*Data block:*
* * *
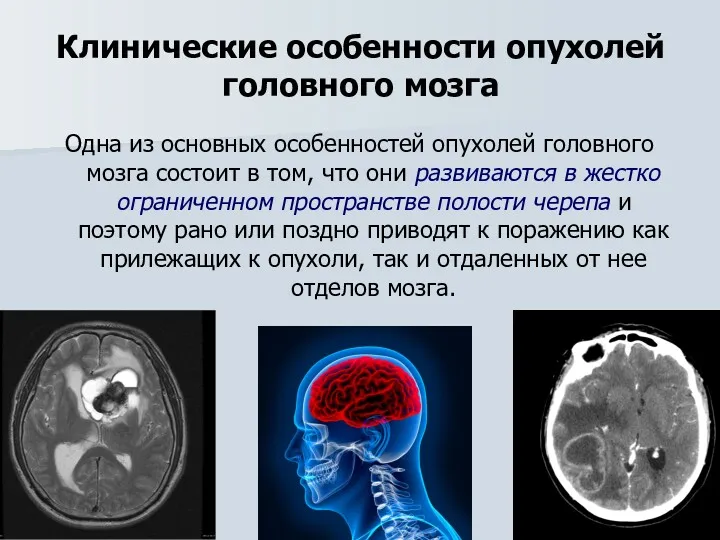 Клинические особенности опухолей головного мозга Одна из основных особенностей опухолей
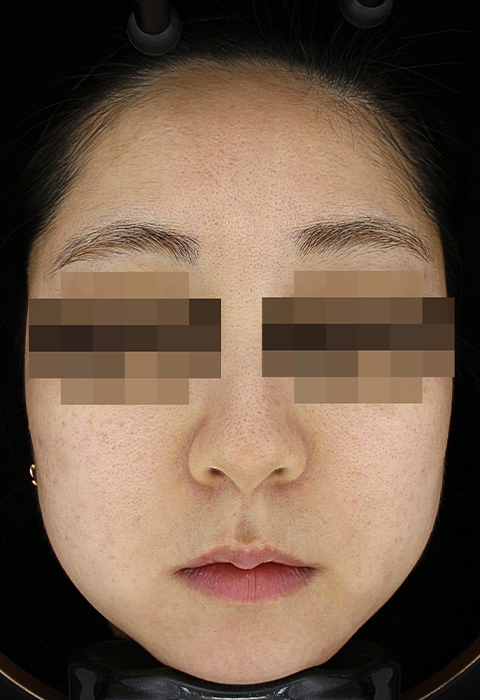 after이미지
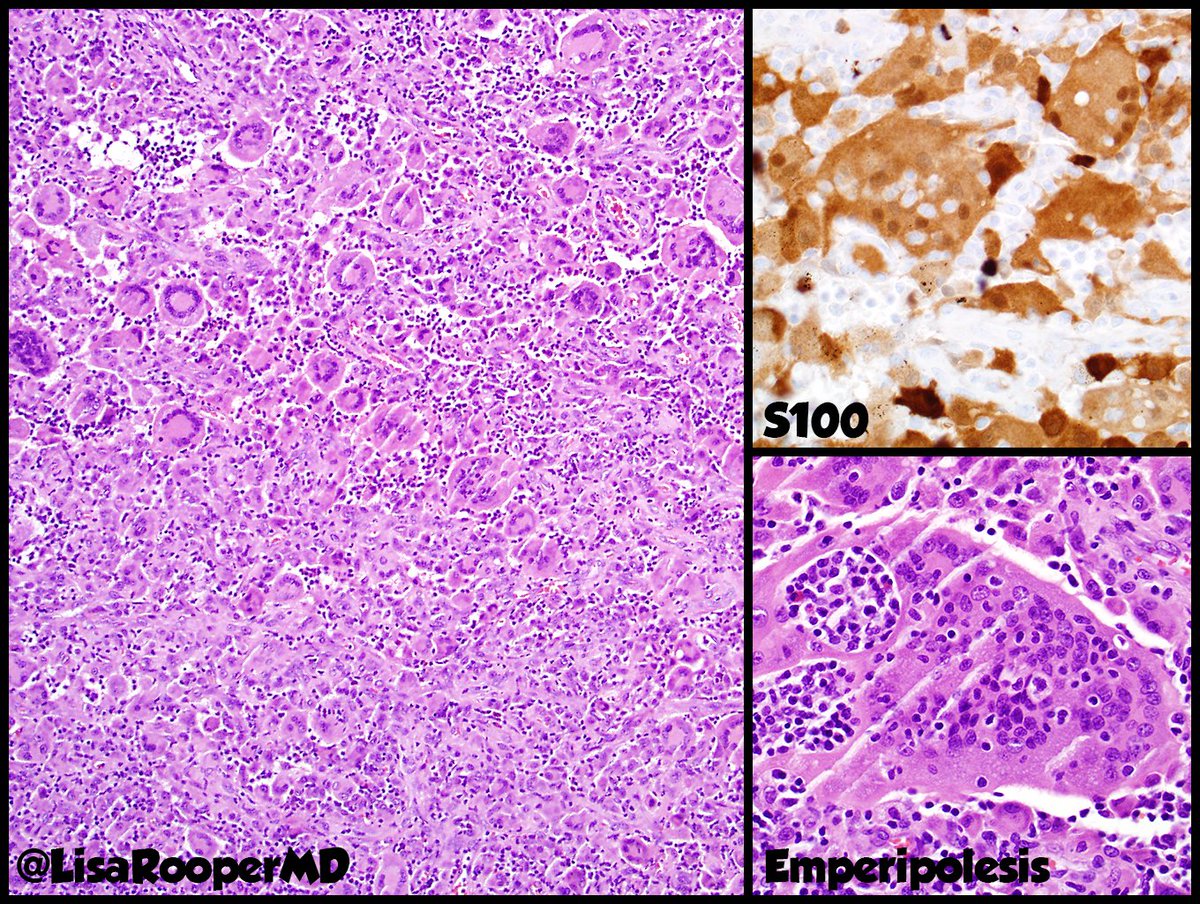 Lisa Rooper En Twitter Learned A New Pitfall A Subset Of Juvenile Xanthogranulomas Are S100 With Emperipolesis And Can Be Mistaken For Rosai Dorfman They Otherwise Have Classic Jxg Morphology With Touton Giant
* * *
*Task details:*
Output the data above exactly; pictures do not belong in the copy.

*Your solution:*
 Клинические особенности опухолей головного мозга Одна из основных особенностей опухолей
 after이미지
 Lisa Rooper En Twitter Learned A New Pitfall A Subset Of Juvenile Xanthogranulomas Are S100 With Emperipolesis And Can Be Mistaken For Rosai Dorfman They Otherwise Have Classic Jxg Morphology With Touton Giant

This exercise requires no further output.